D. Non sarebbe ritardato perché U1 non si lega a un mRNA che ha già rimosso gli introni, ma solo
a un pre-mRNA
S7.
A. La regione del gel che dovrebbe comprendere frammenti da 250 a 75 bp non contiene bande.
Questa è la regione protetta, ed è lunga 175 coppie di basi.
B. In un nucleosoma il DNA è avvolto due volte attorno al core istonico; un nucleosoma contiene
146 bp di DNA. La regione legata a RNA polimerasi/TFIID/TFIIB sarebbe di poco più lunga.
Perciò, queste proteine avrebbero ricoperto un nucleosoma nel quale era contenuto il DNA. E’
difficile immaginare (anche se possibile) che proteine grandi quali TFIID, TFIIB e RNA polimerasi
II si siano trovate tutte attorno a un solo nucleosoma. Perciò questi risultati indicano più
probabilmente che il DNA sia stato rilasciato dal core istonico mentre legato ai fattori di
trascrizione e alla RNA polimerasi.
S8.
A. Una molecola di mRNA si legherebbe alla colonna perché possiede la coda di poliA, La
sequenza di adenine nella coda è complementare alla stringa di timine nella colonna poli-dT, per cui
si formano dei legami idrogeno tra loro. Per purificare gli mRNA si inizia con un campione di
cellule. Esse vengono rotte tramite omogeneizzazione o sonicazione, in modo da rilasciare le
macromolecole tra cui gli RNA. Le grandi strutture cellulari come organelli, membrane, ecc,
possono essere rimosse mediante un passaggio di centrifugazione, che lascerebbe nel pellet le
strutture cellulari e nel sovranatante le molecole solubili. A questo punto usi concentrazioni saline
elevate e pH neutrale e versi il sovranatante nella colonna di poli-dT. Gli mRNA si legheranno alla
colonna, mentre le altre molecole non lo fanno. Infine per rompere i legami idrogeno che legano gli
mRNA alla colonna aggiungi una soluzione con bassa concentrazione salina e/o pH basico.
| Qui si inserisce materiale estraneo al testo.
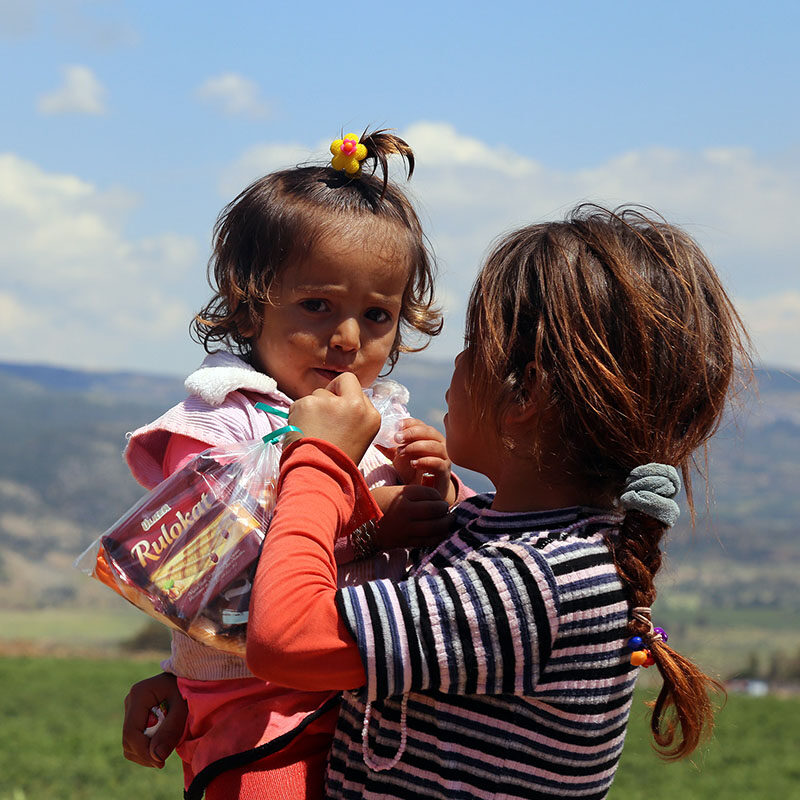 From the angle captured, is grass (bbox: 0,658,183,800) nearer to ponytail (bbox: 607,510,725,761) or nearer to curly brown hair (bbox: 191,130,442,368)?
curly brown hair (bbox: 191,130,442,368)

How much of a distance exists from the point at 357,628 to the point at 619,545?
0.53 meters

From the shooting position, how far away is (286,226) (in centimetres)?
271

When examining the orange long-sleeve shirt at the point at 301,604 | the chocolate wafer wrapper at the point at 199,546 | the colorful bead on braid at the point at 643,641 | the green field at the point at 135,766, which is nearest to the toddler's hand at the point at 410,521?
the chocolate wafer wrapper at the point at 199,546

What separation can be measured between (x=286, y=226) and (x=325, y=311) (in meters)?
0.25

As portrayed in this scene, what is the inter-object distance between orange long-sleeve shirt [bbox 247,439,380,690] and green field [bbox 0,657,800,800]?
10.2 meters

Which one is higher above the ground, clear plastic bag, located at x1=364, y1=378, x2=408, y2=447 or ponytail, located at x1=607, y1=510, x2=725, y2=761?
clear plastic bag, located at x1=364, y1=378, x2=408, y2=447

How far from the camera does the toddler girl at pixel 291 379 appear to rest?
2.28 meters

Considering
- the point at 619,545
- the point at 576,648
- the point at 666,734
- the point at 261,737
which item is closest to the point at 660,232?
the point at 619,545

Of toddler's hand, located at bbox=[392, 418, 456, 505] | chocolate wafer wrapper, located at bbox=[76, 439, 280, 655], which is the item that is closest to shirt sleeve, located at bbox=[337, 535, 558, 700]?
chocolate wafer wrapper, located at bbox=[76, 439, 280, 655]

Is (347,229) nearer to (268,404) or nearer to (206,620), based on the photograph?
(268,404)

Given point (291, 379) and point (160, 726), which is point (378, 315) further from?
point (160, 726)

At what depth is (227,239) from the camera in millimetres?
2916

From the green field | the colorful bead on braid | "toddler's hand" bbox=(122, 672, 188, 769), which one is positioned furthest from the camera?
the green field

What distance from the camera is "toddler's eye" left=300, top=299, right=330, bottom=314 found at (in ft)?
8.77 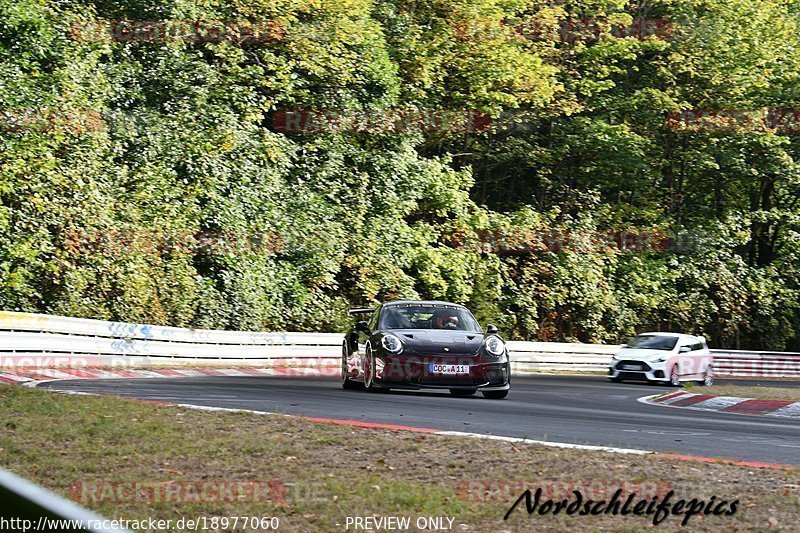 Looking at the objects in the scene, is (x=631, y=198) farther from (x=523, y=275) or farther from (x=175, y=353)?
(x=175, y=353)

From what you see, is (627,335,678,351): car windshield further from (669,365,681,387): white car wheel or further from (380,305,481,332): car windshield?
(380,305,481,332): car windshield

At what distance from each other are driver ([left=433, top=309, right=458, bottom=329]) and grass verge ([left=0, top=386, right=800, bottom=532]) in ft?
22.1

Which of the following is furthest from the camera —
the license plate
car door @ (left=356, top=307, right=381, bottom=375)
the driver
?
the driver

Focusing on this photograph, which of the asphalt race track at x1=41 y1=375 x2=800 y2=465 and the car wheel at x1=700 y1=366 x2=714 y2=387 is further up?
the asphalt race track at x1=41 y1=375 x2=800 y2=465

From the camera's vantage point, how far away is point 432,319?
17.2m

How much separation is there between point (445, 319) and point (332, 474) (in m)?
9.97

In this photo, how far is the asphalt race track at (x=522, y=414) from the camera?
1045 cm

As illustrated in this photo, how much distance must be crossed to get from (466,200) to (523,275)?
10.6ft

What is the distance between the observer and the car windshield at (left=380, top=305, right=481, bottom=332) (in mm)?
16953

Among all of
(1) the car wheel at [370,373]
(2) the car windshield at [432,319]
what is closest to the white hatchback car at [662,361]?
(2) the car windshield at [432,319]

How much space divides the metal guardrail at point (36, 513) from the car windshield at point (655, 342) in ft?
90.0

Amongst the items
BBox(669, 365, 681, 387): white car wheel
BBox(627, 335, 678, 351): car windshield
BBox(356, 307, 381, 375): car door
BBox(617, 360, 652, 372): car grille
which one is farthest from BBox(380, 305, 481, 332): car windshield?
BBox(627, 335, 678, 351): car windshield

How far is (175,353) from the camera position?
2414cm

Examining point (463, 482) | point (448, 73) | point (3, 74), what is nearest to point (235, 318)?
point (3, 74) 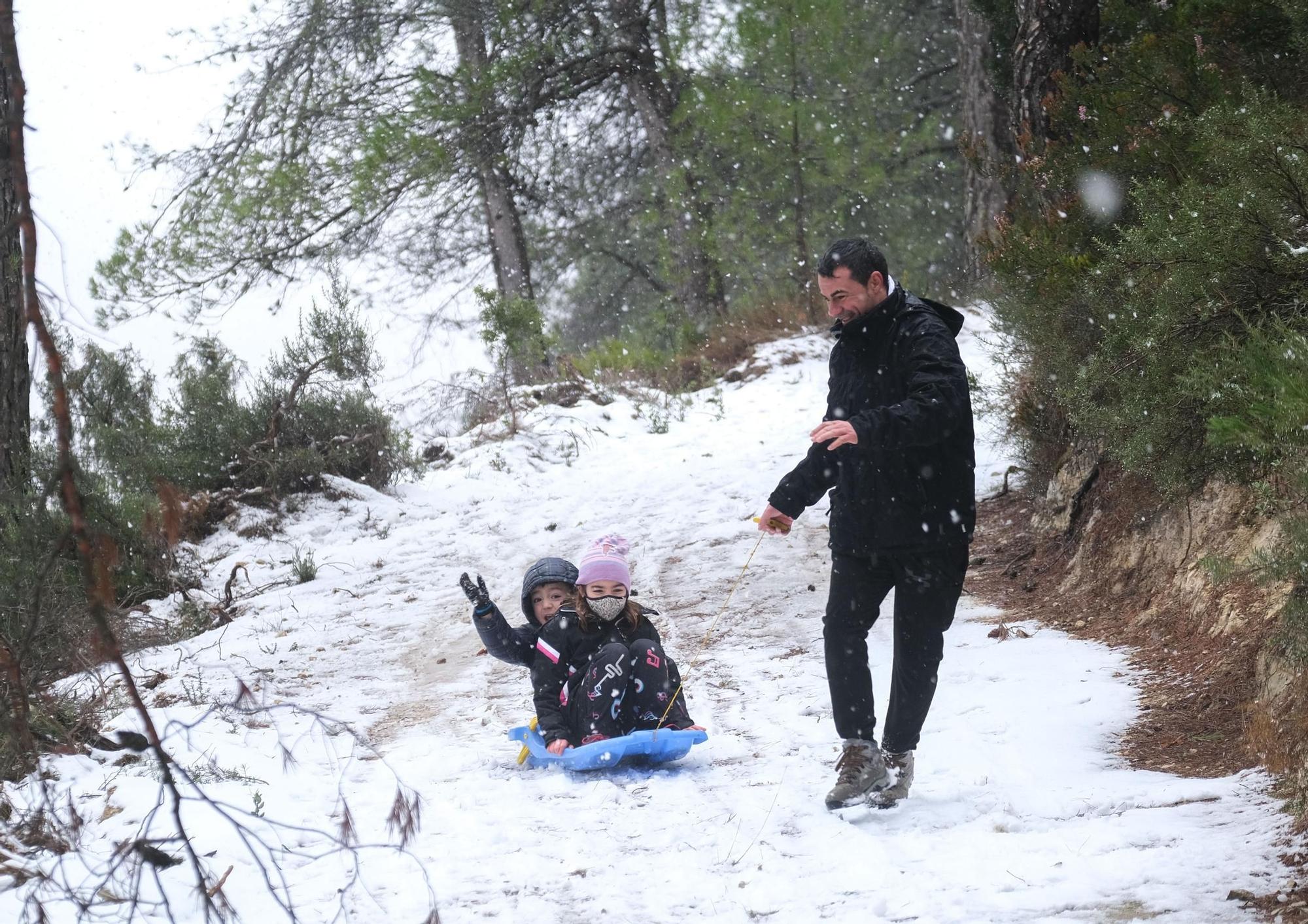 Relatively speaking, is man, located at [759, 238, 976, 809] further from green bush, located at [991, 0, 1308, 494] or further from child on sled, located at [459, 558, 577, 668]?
child on sled, located at [459, 558, 577, 668]

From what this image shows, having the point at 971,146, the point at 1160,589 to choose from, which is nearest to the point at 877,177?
the point at 971,146

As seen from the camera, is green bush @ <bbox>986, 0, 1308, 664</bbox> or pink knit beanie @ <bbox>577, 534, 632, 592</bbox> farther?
pink knit beanie @ <bbox>577, 534, 632, 592</bbox>

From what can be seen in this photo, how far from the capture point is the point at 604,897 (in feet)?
10.8

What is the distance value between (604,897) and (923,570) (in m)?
1.50

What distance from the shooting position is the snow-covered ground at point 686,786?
3102 millimetres

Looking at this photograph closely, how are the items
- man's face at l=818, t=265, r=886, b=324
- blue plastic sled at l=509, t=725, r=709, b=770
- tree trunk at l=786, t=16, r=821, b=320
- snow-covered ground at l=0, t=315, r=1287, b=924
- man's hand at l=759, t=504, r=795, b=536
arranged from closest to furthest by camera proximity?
snow-covered ground at l=0, t=315, r=1287, b=924, man's face at l=818, t=265, r=886, b=324, man's hand at l=759, t=504, r=795, b=536, blue plastic sled at l=509, t=725, r=709, b=770, tree trunk at l=786, t=16, r=821, b=320

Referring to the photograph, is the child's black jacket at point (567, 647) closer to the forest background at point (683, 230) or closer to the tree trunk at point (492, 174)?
the forest background at point (683, 230)

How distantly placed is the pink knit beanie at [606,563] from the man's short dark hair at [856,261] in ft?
5.53

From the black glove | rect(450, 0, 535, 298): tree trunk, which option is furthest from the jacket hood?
rect(450, 0, 535, 298): tree trunk

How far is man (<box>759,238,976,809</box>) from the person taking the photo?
3.75 meters


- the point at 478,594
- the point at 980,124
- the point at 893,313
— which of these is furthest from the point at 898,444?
the point at 980,124

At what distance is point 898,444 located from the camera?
3.55m

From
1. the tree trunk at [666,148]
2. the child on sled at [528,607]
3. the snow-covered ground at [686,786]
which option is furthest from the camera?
the tree trunk at [666,148]

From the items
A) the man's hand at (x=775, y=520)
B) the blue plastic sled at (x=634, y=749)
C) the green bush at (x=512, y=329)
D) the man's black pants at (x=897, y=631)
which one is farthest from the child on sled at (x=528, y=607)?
the green bush at (x=512, y=329) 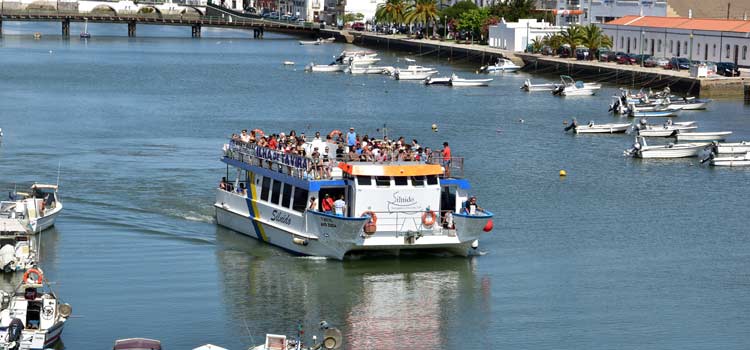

B. La strategia di base è di aggiungere alla matrice della colonna una stringa di nucleotidi
complementare al tipo di RNA che desideri purificare. Per esempio se il tuo RNA contiene la
sequenza 5'–AUUCCUCCA–3' puoi sintetizzare un oligonucleotide 3'–TAAGGAGGT–5' e
attaccarlo alla colonna. Per purificare l’RNA segui la strategia descritta in A.